Product pages with Official Specifications:


The main differences between "home" and "professional" equipment are

  • manageability: there is an interface to configure priorities, virtual circuits and load balancing, and to query port status and statistics
  • scalability: the switch needs to maintain a table which devices are connected to which port. If this table is full because more devices are on the network than entries exist in the table, then performance degrades (when a device is unknown, packets to the device are broadcast over the entire network, in the hope that the device answers and so becomes known). Consumer devices typically have table sizes of 20-50 entries; professional equipment should support 1000 entries at least
  • extensibility: many professional switches are "stackable", meaning that you can combine multiple switches into a single one, configure it centrally and have shared address tables over all of them.
  • management protocol support: to support redundant links, switches have to be aware of each other, and discuss the network topology via protocols such as Spanning Tree Protocol (STP). Bad things happen if there are cyclic links and no inter-switch routing protocol is enabled.

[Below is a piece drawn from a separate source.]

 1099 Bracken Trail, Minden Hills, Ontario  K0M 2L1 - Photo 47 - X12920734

Both of the devices you mention I'd classify as "home" equipment, and I don't think the Netgear switch will improve things. You want something that is "managed", which allows you to set up traffic priorities.


Is there a significant difference that we would notice in terms of latency between these two switches?

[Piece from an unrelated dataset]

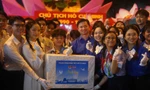 Bí thư T.Ư Đoàn thăm, tặng quà các lực lượng thanh niên tham gia diễu binh kỷ niệm ngày 30/4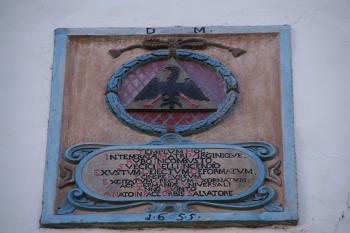 Pamětní deska na ukončení třicetileté války na západním průčelí ( © Ivan Grisa 05/2009)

I didn't see any mention of it in those descriptions, but the latency of a switch will mostly be determined by its switch buffering method: either store-and-forward or cut-through. Store-and-forward means that the complete Ethernet frame has to be received (intact) before that frame leaves the switch to the next destination. Cut-through switching will try to retransmit the Ethernet frame as soon as the IP header with the destination address has been received and processed.

Almost all SOHO/home switches are store-and-forward. Unless stated otherwise, assume that a switch uses store-and-forward. Note that cut-through switches will propagate bad frames, whereas a store-and-forward switch will filter out bad frames.